In the audio interview, O’Neill says he believes some details about the bin Laden mission, such as how he was killed, were no longer classified because they had been repeatedly leaked in the aftermath by high-level officials.
“Once anyone says anything at that level, it’s not classified,” he said.
“…I was told by people that I can’t even say I’m a Navy SEAL, so I don’t give a f*** what they think.”
Twenty-three SEALs and their interpreter launched the assault on the bin Laden compound just after midnight on the morning of May 2, 2011. They shot and killed bin Laden’s two bodyguards, one of bin Laden’s sons and the wife of one of the bodyguards. They also wounded two other women.
O’Neill has told his story before in a lengthy profile in Esquire in 2013, in which O’Neill was described not with his real name but only as “The Shooter.”
In the Esquire piece, O’Neill/The Shooter was said to have encountered al Qaeda’s leader face-to-face in the top-floor bedroom of the compound in Abbottabad where he had been hiding for more than five years.
The Shooter said the al Qaeda leader was standing up and had a gun “within reach,” and it was only then that the Shooter fired two shots into bin Laden’s forehead, killing him. That account was in conflict with the narrative in “No Easy Day.”
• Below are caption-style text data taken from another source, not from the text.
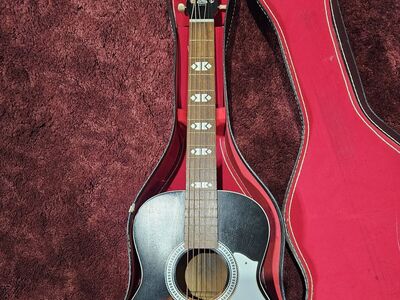 Vintage Stella Harmony parlor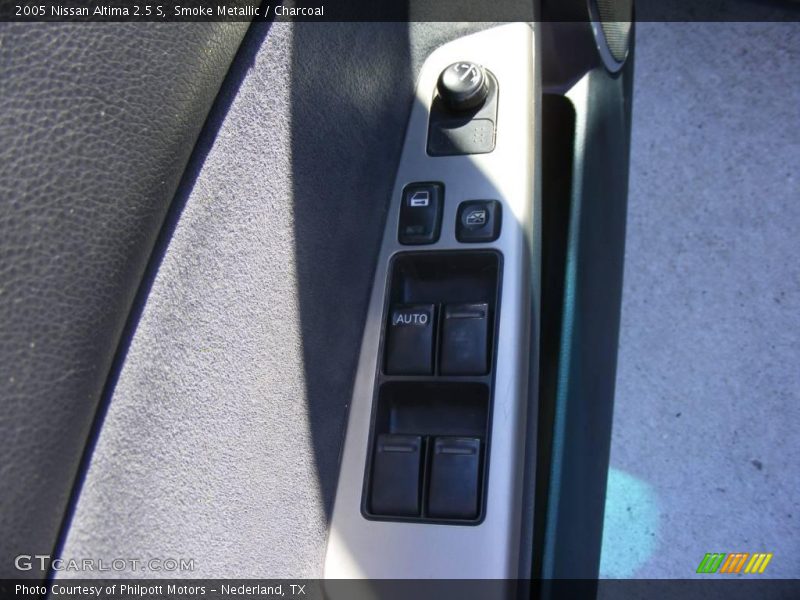 Smoke Metallic / Charcoal 2005 Nissan Altima 2.5 S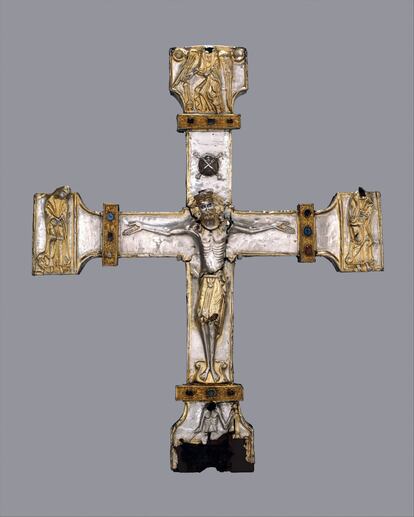 Cruz en plata de San Salvador de Fuentes (Villaviciosa), que se conserva en el Metropolitan de Nueva York.
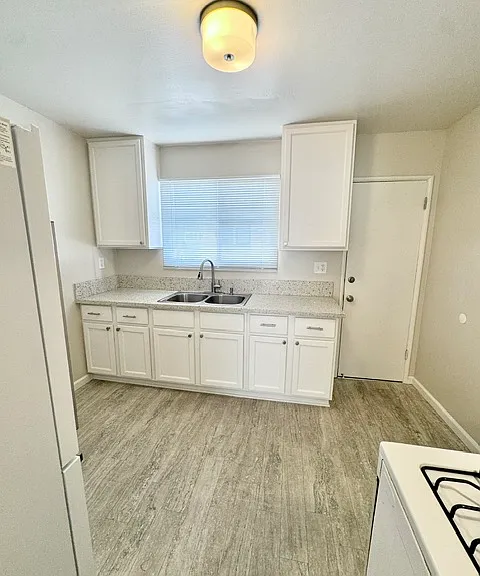 1128 E Lexington Dr #6 — Photo 4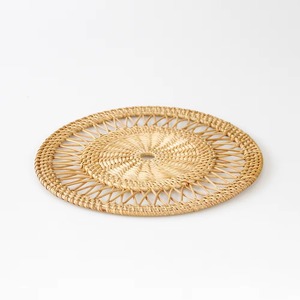 Assiette de présentation rustique en rotin naturel faite à la main pour la décoration de table de mariage (vente en gros) - Product Image 2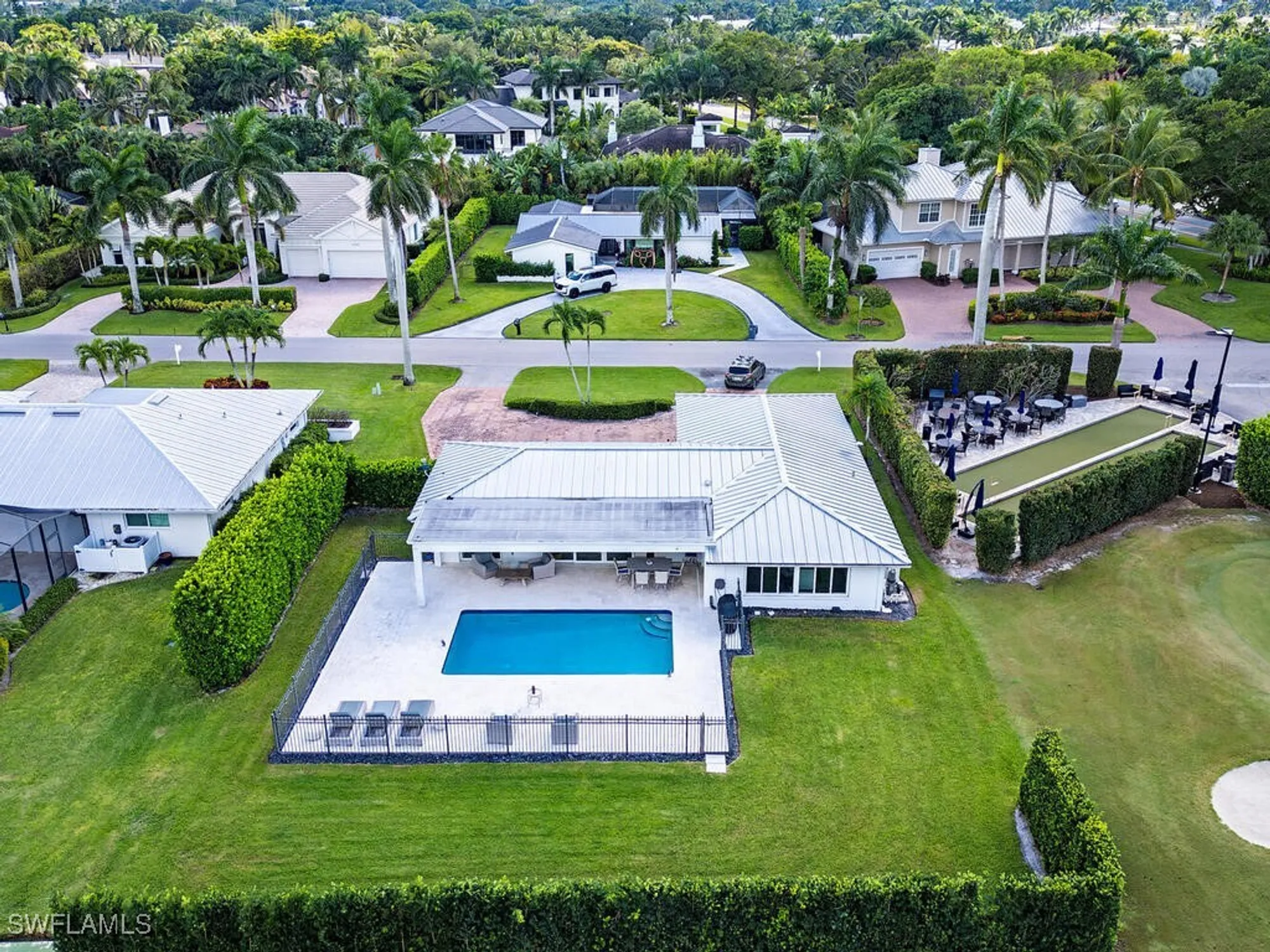 Property Slideshow image 4 of 17 | 595 wedge dr, Naples, FL, 34103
Another member of the secretive SEAL Team 6, which executed the bin Laden raid, told CNN’s Peter Bergen the story of The Shooter as presented in Esquire is false. According to this serving SEAL Team 6 operator, the story is “complete BS.”
But in the audio interview, O’Neill dismissed the criticism.
“Even now, I mean, there are guys now saying that I am full of s***,” he said. “…You only know what you were told unless you were in the room. And unfortunately for me, there was two people in the room, and one of us is dead and that’s Osama bin Laden.”